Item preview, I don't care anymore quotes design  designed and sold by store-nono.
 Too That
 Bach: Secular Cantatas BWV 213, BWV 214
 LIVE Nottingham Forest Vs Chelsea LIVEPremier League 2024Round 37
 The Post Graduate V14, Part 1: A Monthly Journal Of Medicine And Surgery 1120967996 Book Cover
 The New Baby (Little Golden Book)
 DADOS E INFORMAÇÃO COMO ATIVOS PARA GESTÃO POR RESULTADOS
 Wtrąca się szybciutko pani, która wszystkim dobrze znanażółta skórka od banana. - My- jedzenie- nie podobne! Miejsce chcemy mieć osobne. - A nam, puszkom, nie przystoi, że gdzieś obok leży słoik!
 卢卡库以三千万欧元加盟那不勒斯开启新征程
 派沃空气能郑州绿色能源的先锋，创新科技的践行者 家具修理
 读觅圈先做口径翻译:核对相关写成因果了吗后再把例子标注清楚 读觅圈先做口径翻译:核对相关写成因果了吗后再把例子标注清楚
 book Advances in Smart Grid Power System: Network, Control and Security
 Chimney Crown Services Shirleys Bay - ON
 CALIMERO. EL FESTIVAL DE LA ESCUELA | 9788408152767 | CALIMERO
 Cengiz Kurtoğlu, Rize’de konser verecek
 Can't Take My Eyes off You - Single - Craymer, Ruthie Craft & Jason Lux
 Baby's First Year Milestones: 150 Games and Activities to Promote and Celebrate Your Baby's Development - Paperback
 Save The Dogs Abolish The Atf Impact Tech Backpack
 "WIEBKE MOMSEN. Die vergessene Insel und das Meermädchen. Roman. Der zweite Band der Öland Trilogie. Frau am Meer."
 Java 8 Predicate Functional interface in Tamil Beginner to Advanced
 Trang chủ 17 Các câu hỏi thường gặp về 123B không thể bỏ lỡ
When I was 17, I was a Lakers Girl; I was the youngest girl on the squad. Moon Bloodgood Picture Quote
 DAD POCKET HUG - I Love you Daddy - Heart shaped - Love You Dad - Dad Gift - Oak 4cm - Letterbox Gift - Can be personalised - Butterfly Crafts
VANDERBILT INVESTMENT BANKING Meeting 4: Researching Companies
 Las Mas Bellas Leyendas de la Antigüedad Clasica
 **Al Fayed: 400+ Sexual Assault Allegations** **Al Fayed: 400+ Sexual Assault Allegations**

Work order:
Lines holding the string "Baby" must be copied out of the entries above.

Task response:
 The New Baby (Little Golden Book)
 Baby's First Year Milestones: 150 Games and Activities to Promote and Celebrate Your Baby's Development - Paperback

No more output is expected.